Single by The Lettermen

from the album Hurt So Bad
- B-side: "When Summer Ends"
- Released: 1969
- Length: 2:34
- Label: Capitol
- Songwriter(s): Matty Malneck, Carl Sigman, Robert Maxwell

The Lettermen singles chronology
| "Hurt So Bad" (1969) | "Shangri-La" (1969) | "Traces/Memories Medley" (1969) |

= Shangri-La (1946 song) =

"Shangri-La" is a popular song written by bandleader Matty Malneck and Robert Maxwell in 1946 with lyrics by Carl Sigman. The song is named after Shangri-La, the hidden valley of delight in James Hilton's 1933 novel Lost Horizon.

==Background==
The term comes from "Shangri-La" as the hidden valley of delight in James Hilton's 1933 novel Lost Horizon. The term "Shangri-La," especially in the 1930s and 1940s, was slang for heaven or paradise, and the song is about the joy of being in love.

==Recordings==
The first recording was a 2-sided 78 instrumental version by Matty Malneck and His Orchestra (February 7, 1946) for Columbia Records, featuring a harp solo by Robert Maxwell.

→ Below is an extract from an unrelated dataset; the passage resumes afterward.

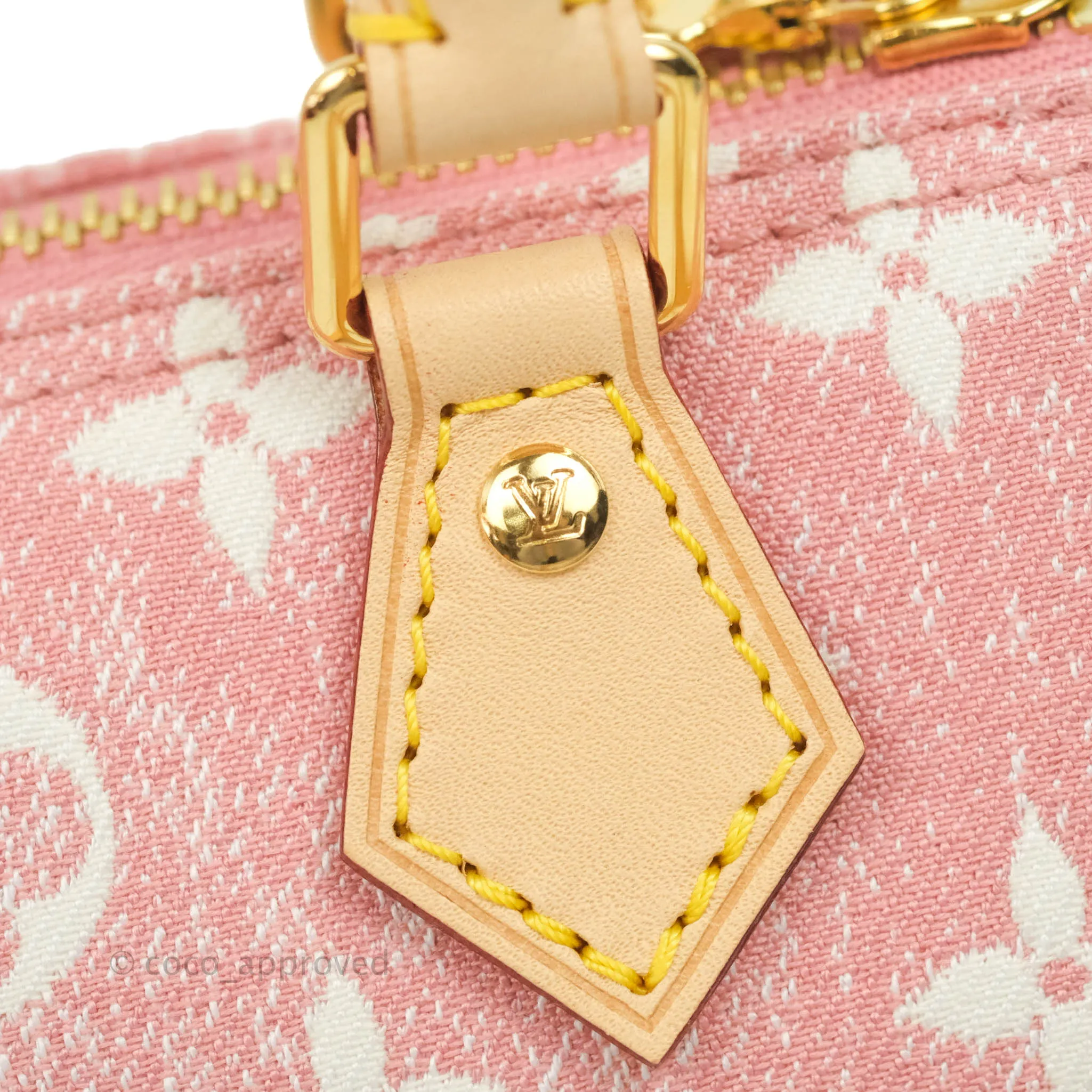 Louis Vuitton Denim Nano Speedy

Maxwell's own instrumental version for Decca Records (saxophone/organ lead with brass and rhythm), which also featured his harp solo, which is heard in the introduction as well as in the coda section of the song, charted in 1964, reaching #15, and #67 of the Top 100 instrumentals, 1960–69.

Other popular versions (with lyrics) were recorded by The Four Coins in 1957 (#11 US) and by The Lettermen in 1969 (#64 US).

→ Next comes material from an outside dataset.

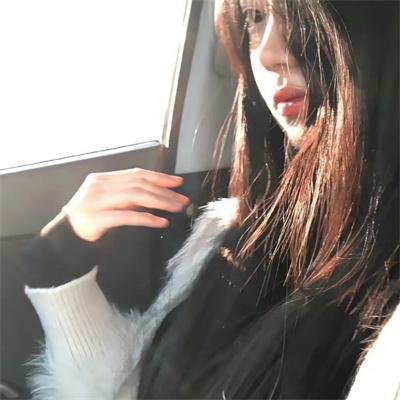 翼龙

Many versions have been included in artists' albums over the years including:
- Johnny Mathis - The Wonderful World of Make Believe (1964)
- Peggy Lee - In the Name of Love (1964)
- Vic Damone - Strange Enchantment (1962)

==In popular culture==
Jackie Gleason used "Shangri-La" on his 1950s-60s TV variety show as theme music for his popular millionaire character Reginald van Gleason III.

The song was also used as the opening and closing theme of Radio City Playhouse, a radio anthology series that aired in the late 1940s.